If they're not posted can you hunt on them? I thought I heard Fred Trost say that you could and showed a MCL # on the screen for a few seconds like he usually does. I would never hunt deer from these because they're too narrow, but Turkey's would be perfect. I think that I would be able to unless someone from DTE would come out and kick me out. Now when I hunted the lease that bordered the powerline, there were many people hunting and riding atv's, 4x4's, dirt bikes and just walking their dog down the powerline. What do you think?


----------



## Bucktail Butch (Jan 5, 2003)

To be on the safe side, why not just give the power company a call and ask them?

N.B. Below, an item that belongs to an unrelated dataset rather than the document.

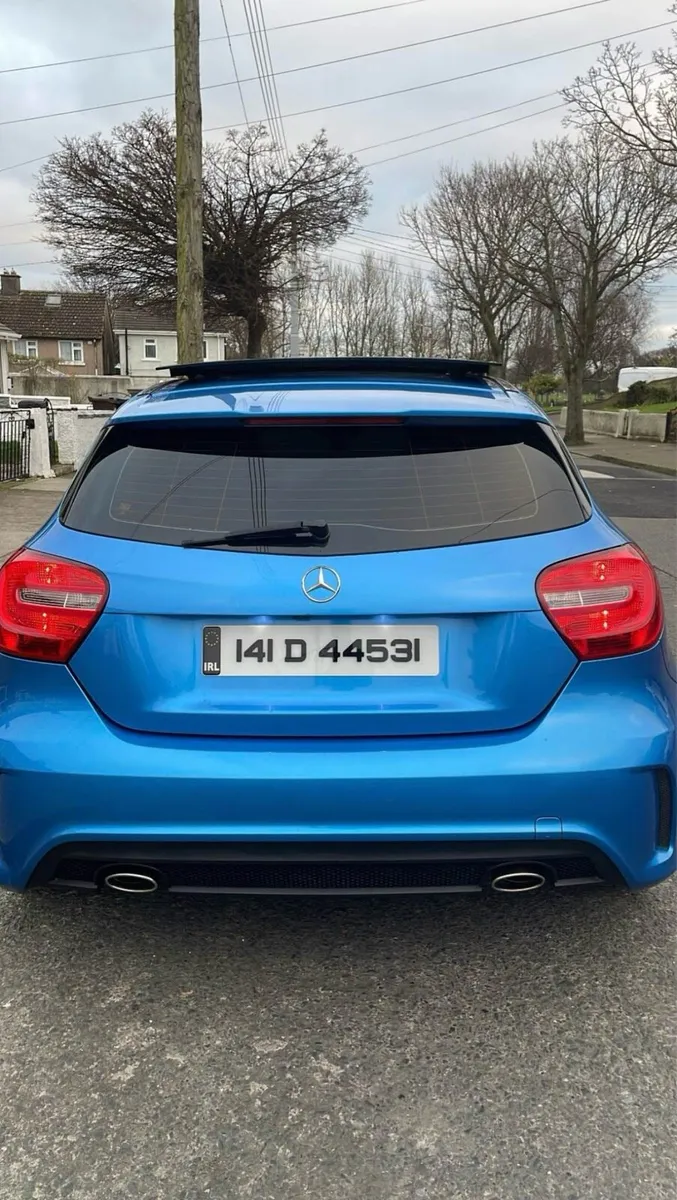 Mercedes 2014 A Series - Image 2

I recently heard that some power companys in the state are opposing the dove hunting referendum because they think that if people hunt doves on their right of way, the incident of malicious shooting of the insulators on their lines will increase.


----------



## boehr (Jan 31, 2000)

I have never heard of a power company giving permission yet, even to their own employees. Some power right of ways are just that, a right of way and not power company property. Regardless, it is all (unless running through state land of course) private property and you need permission.


----------



## MIKE W (Jan 11, 2001)

I guess I will not go there, but what about the few people a day and more on weekends who go on there? I guess they're tresspassing and could be ticketed at anytime? I think if I ask the power company they will definatley say no, but I think that's the way the law works. You see, if I ask them and they said yes then they would be liable (unless we made a contract, LOL), but if someone goes on there without asking and gets hurt, then that would be recreational tresspass and the power company would not be liable. Well, I suppose it all boils down to money to get a good hunting spot, and that would be ALOT of money. The developers that bought out our lease last year (next to the powerline) said we did'nt have enough money. He could'nt even give me a price, because him and his brothers were hunters. I asked him about some of his other properties and still no, not even a price, I think I offered 3 grand a year and clean the whole property, he laughed. I don't think he would've taken 10 grand a year. What do you offer a millionare to lease his good hunting land? Answer: You don't, he will not take anything. This sucks! Looks like i'm stuck playing the lotto for a good hunting spot.


----------



## boehr (Jan 31, 2000)

Your incorrect on the liable part. Giving permission or not giving permission has nothing to do with liability. Every area I have worked in the power company, be it Edison or Consumers, has made the effort to contact me and want COs to arrest anyone on their property.


----------



## MIKE W (Jan 11, 2001)

> _Originally posted by boehr _
> *Giving permission or not giving permission has nothing to do with liability. *


Really? Ok, i'll take your word for it, but I think i'll dig a little deeper on the subject. Ignorance is not something to take with you in the field. Thanks. You should get paid for this!


----------



## boehr (Jan 31, 2000)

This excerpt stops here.